Consider the case when you have the training set data. (The case withot the traning set is similar). That is you know thee classification of the data. Lets go to (1) First. have form your "clustered" . That is each "cluster" is a set f data point presenting a same class and each of data points are represented by a vector in Euclidean space. If dimension of the data sets relatively small compare to compared of data in cluster then you finding a closed form of distribution based on empirical distribution and interpolation would be the ideal situation. But in general this may not be feasible and the closed from may be too complicated to work with. Nonetheless it is imperative to check that whether or not the empirical density function has multiple local maximas. Roughly speaking number of maximal points indicate that the cluster (class) is best represented as number of sub clusters. At his point you can use the location of these local maximas to model the density as Gaussian mixture with local maximal locations as the mean of each of the mixture. These (mean vectors are your centroids for the cluster in question, so you may have multiple centroid indicating your classes are in fact further subdivided into sub-classes. Each of these sub-classes are identified by three parameters: mean vector , covariance matrix, and the weight of the corresponding component of mixture (sub centroid) . Now you ca classify a data point by measuring its Mahlanobis distance (It is sort of normalized Euclidean distance, normalized by Covariance matrix).
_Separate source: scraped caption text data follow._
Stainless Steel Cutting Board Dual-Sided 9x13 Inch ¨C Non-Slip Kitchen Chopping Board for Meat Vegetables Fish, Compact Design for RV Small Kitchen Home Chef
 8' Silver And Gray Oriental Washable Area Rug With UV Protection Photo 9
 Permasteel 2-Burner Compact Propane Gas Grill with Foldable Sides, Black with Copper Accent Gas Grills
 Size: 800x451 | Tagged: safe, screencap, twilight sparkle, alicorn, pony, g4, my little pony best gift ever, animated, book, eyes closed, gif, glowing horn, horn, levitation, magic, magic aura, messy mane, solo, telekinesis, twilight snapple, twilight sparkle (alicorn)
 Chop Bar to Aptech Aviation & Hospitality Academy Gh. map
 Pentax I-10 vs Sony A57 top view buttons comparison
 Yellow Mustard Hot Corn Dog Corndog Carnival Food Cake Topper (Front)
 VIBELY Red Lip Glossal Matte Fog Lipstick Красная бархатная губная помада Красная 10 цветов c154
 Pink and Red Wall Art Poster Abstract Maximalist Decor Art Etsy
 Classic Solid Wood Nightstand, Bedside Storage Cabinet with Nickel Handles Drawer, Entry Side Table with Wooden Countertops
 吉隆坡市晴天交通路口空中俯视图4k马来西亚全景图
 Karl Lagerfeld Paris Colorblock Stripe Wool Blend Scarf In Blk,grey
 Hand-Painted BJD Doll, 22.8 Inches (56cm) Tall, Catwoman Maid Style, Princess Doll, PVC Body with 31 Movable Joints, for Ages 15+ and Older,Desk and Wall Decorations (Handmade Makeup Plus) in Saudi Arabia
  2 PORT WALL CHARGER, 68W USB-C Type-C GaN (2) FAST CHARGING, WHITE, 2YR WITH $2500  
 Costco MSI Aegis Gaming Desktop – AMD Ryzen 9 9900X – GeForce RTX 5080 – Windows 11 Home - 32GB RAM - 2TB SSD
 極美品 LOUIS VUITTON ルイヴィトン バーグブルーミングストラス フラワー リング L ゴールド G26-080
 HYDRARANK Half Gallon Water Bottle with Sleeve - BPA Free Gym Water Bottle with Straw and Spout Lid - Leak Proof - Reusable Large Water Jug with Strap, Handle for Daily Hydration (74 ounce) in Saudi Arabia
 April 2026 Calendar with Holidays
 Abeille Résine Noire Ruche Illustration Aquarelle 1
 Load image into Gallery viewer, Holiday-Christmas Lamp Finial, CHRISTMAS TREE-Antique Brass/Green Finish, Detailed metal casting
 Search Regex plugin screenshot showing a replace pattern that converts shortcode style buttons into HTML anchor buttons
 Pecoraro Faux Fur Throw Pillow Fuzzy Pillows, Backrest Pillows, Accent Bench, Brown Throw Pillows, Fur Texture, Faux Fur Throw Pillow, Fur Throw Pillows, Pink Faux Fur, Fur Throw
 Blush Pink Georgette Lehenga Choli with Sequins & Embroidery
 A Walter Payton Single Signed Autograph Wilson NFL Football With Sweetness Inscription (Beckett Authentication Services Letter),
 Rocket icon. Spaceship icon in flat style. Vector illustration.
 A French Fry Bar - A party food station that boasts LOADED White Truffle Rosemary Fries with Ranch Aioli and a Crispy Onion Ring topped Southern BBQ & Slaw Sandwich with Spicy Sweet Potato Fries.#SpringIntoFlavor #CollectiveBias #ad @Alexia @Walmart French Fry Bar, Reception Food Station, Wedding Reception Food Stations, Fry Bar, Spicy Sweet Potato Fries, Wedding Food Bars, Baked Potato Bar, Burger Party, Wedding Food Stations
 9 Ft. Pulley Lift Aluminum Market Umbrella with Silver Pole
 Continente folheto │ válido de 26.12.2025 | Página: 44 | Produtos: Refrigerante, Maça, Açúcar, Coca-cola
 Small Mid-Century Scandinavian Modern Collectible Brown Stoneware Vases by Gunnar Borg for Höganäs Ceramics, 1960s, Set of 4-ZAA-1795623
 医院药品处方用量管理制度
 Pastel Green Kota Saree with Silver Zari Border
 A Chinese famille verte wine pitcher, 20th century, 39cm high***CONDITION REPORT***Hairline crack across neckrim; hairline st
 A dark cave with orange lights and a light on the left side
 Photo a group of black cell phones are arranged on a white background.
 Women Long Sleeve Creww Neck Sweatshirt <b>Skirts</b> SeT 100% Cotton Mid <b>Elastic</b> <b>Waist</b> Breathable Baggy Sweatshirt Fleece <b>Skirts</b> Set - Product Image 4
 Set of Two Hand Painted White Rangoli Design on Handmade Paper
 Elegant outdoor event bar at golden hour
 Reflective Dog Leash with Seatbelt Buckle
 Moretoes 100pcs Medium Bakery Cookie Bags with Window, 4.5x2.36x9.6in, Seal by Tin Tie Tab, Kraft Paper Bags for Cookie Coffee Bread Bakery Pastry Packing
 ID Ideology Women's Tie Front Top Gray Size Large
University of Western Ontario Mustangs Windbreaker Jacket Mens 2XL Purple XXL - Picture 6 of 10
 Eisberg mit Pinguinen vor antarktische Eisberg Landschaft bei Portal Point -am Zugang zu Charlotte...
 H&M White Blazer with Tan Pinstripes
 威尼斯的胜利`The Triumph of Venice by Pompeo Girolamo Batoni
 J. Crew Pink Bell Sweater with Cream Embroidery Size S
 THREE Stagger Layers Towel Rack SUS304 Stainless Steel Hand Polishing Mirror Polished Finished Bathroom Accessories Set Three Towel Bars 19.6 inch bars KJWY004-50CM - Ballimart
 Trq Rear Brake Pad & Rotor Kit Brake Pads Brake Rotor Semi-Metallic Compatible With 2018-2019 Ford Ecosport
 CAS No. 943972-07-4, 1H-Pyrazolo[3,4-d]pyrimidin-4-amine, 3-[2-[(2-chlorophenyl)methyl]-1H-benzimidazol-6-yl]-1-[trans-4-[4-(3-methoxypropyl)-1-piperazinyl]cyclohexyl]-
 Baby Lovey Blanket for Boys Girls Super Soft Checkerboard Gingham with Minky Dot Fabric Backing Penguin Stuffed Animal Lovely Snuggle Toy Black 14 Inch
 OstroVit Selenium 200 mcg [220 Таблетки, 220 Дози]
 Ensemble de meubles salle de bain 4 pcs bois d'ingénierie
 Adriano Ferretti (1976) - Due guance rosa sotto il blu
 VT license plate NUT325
ff your data points are N dimensional vectors and number of classes that you need to classify is M where M
What problem are you working on and why is the Euclidean distance not an efficient metric? What kind of assumed data set? Let us know a litle bit about the structure of your data set (metric space). The choice of a clustering metric (distance function=utility function) depends on the underlying problem and the structure of assumed data set and these are not clear here.
Something like Distance time warping measure is exactly what I was looking for. I started with k-means using Euclidean Distance but the real problem i have involves time series so thanks for your recomendation on this regard.
Well, there some methods in clustering algorithm to measure distance calculation for numerical attributes (the centriod and the observations in the same cluster):
- Minkowski Distance;
- Manhattan Distance;
- Euclidean Distance;
- Chebyshev Distance;
- Cosine Distance; and
- Jaccard Distance.
Each of them has pros and cons. You may try one of them them based on your situation.